Work instructions -
What is needed is an exact transcription of every entry below, with the pictures left out.

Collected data
══════════════════════════════

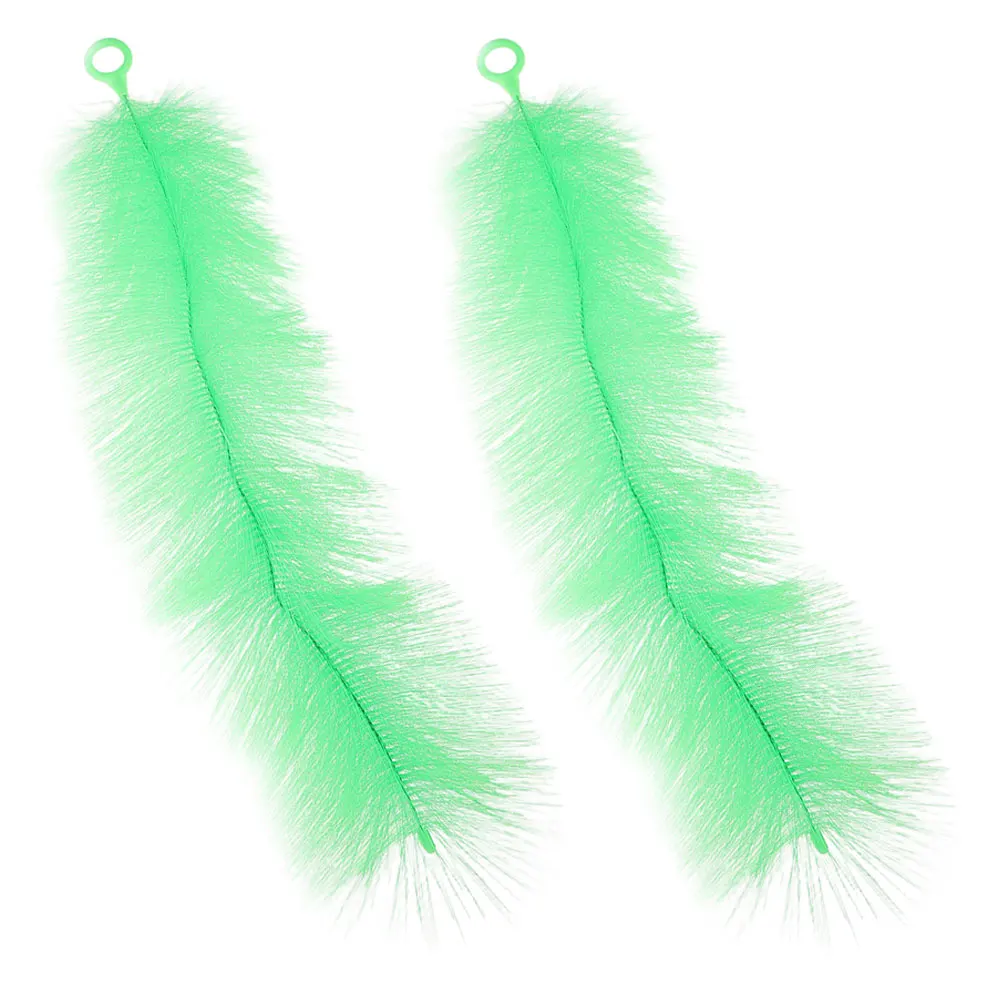 2 Pcs Fish Nest Hatching Brush Flexible Spawning Mop Aquarium Tools Tank Accessories Decorative Breeding Grass Artificial Plants
2 Pcs Fish Nest Hatching Brush Flexible Spawning Mop Aquarium Tools Tank Accessories Decorative Breeding Grass Artificial Plants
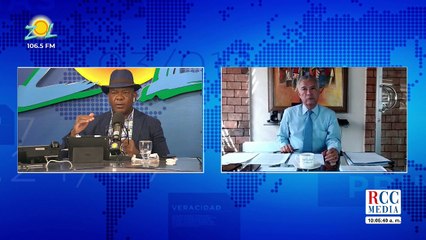 Angel Lockward, Abogado comenta sobre el discurso del Presidente Luis Abinader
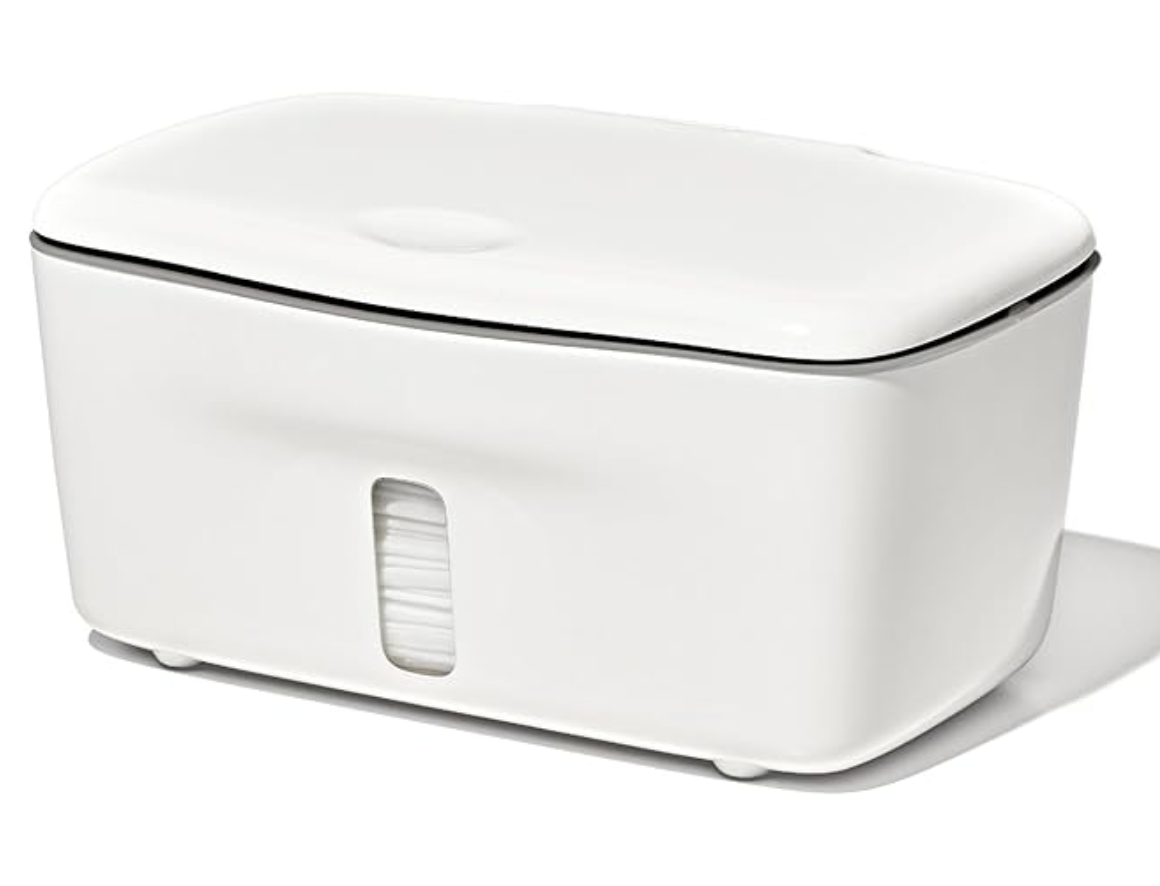 Oxo Wipe dispenser
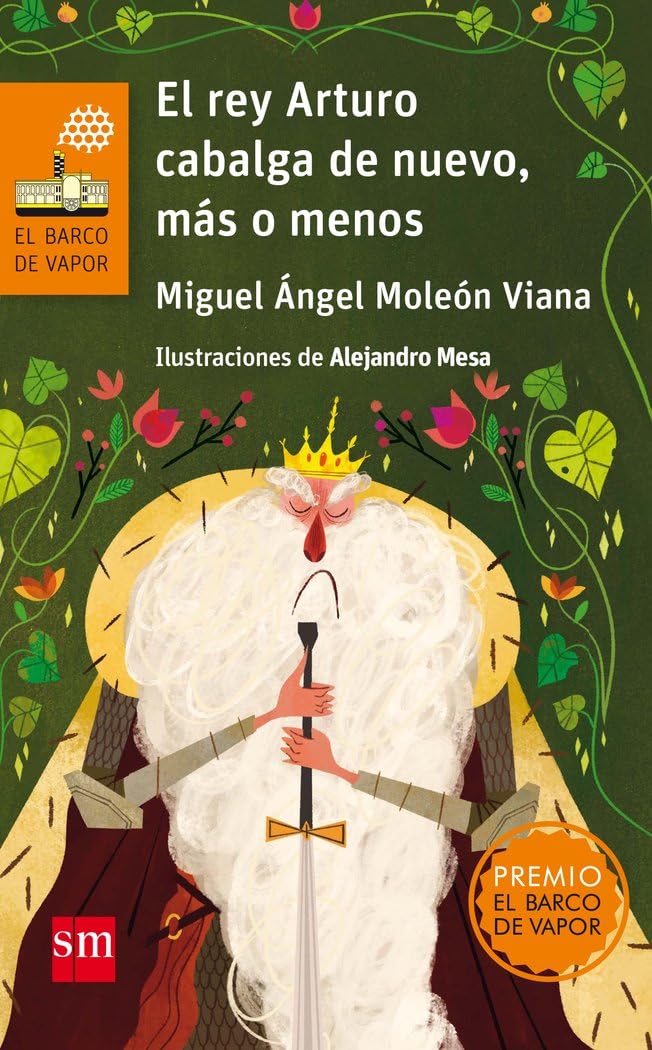 El rey Arturo cabalga de nuevo, más o menos Contemporary literature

══════════════════════════════

Completed task -
 2 Pcs Fish Nest Hatching Brush Flexible Spawning Mop Aquarium Tools Tank Accessories Decorative Breeding Grass Artificial Plants
2 Pcs Fish Nest Hatching Brush Flexible Spawning Mop Aquarium Tools Tank Accessories Decorative Breeding Grass Artificial Plants
 Angel Lockward, Abogado comenta sobre el discurso del Presidente Luis Abinader
 Oxo Wipe dispenser
 El rey Arturo cabalga de nuevo, más o menos Contemporary literature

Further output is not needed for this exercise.